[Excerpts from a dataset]
_____
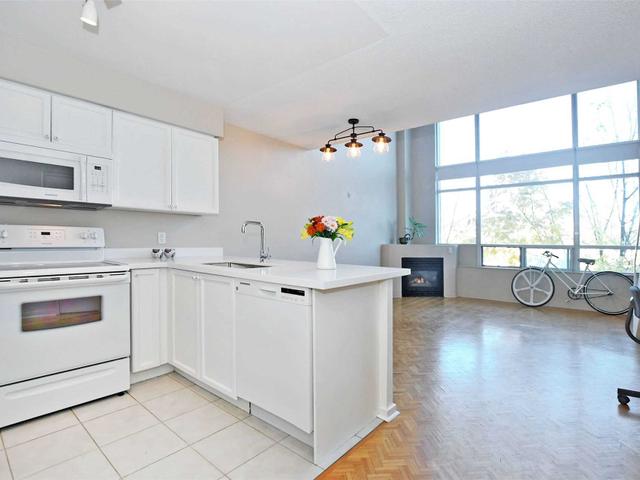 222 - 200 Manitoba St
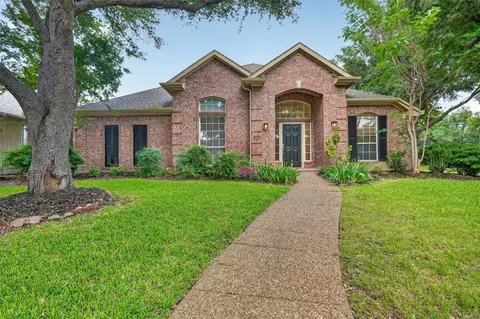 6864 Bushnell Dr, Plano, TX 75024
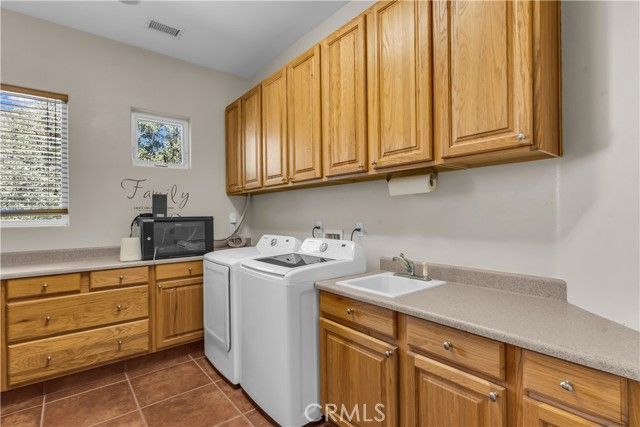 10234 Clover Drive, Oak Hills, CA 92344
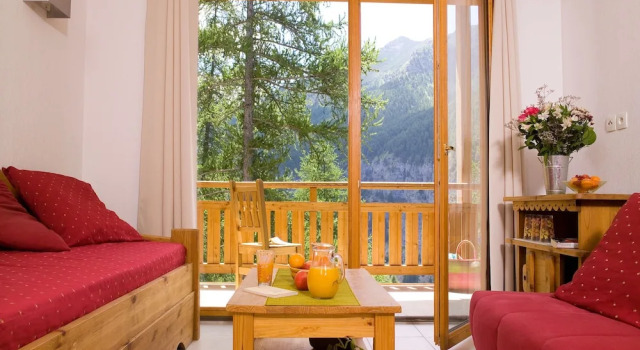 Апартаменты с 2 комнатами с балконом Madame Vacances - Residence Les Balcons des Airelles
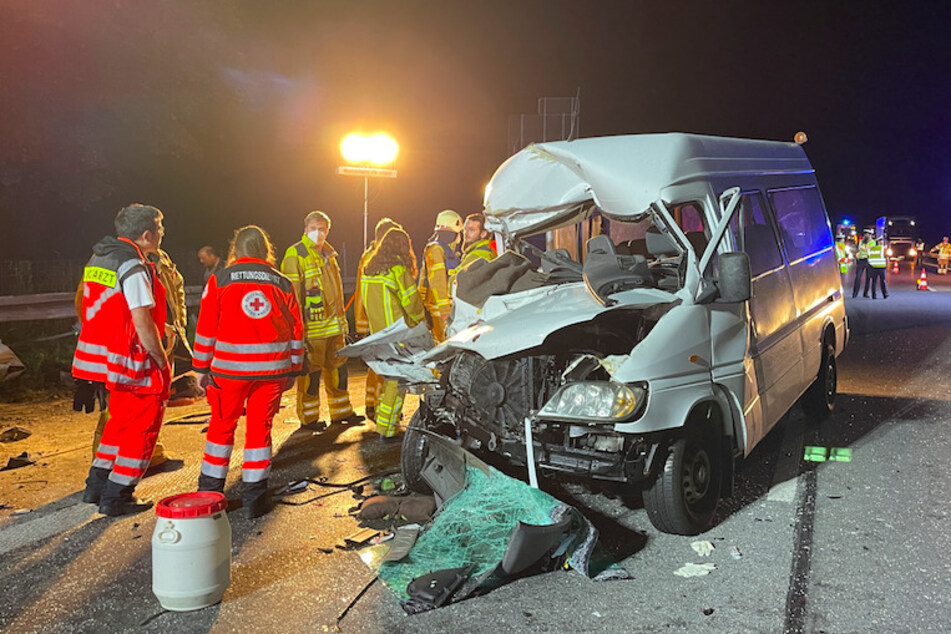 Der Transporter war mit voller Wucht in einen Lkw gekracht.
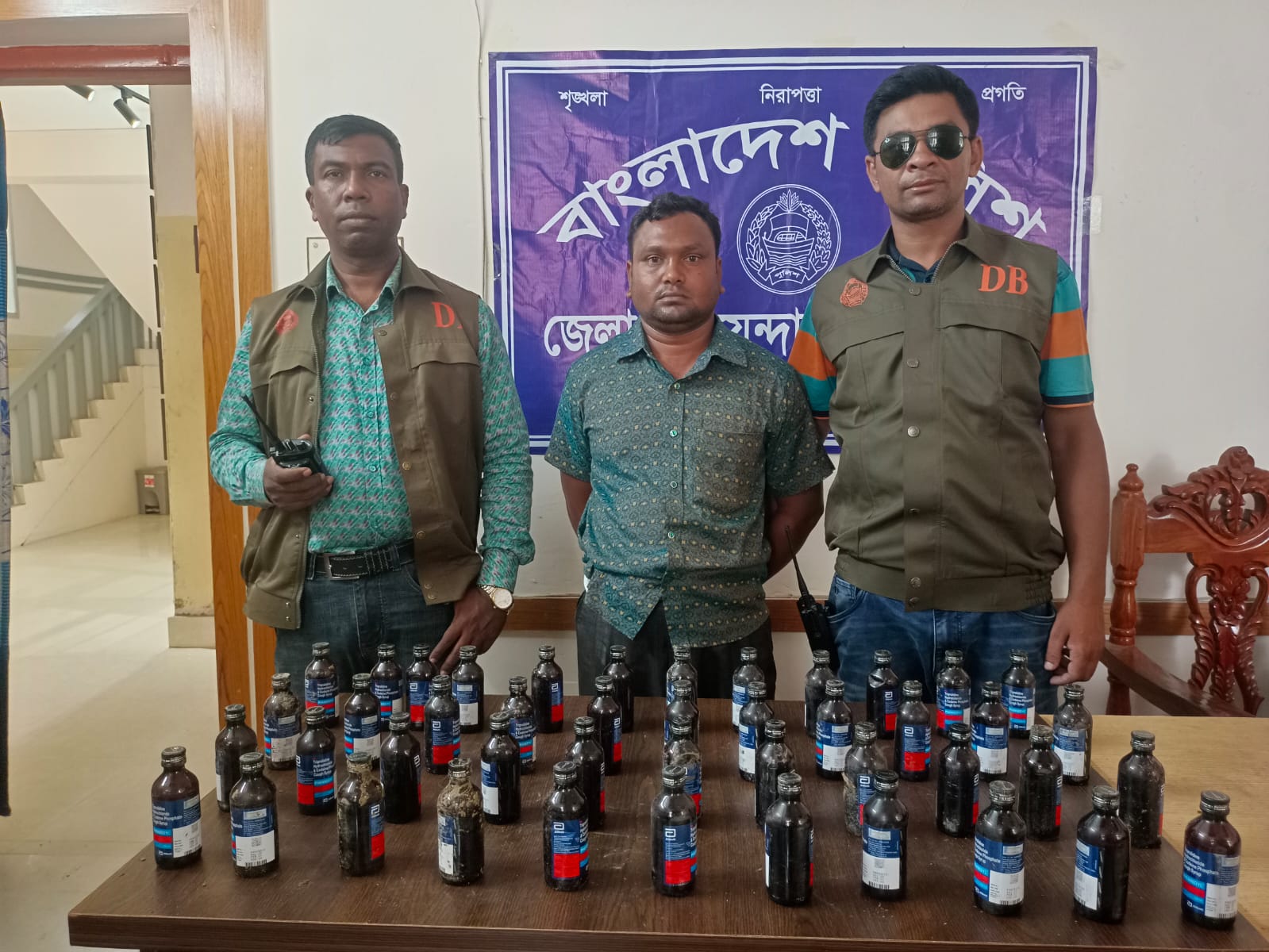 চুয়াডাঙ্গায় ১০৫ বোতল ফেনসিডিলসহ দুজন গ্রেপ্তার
_____
What you are asked to do
Leaving out any pictures, write the records above out exactly as they are.

Response below
 222 - 200 Manitoba St
 6864 Bushnell Dr, Plano, TX 75024
 10234 Clover Drive, Oak Hills, CA 92344
 Апартаменты с 2 комнатами с балконом Madame Vacances - Residence Les Balcons des Airelles
 Der Transporter war mit voller Wucht in einen Lkw gekracht.
 চুয়াডাঙ্গায় ১০৫ বোতল ফেনসিডিলসহ দুজন গ্রেপ্তার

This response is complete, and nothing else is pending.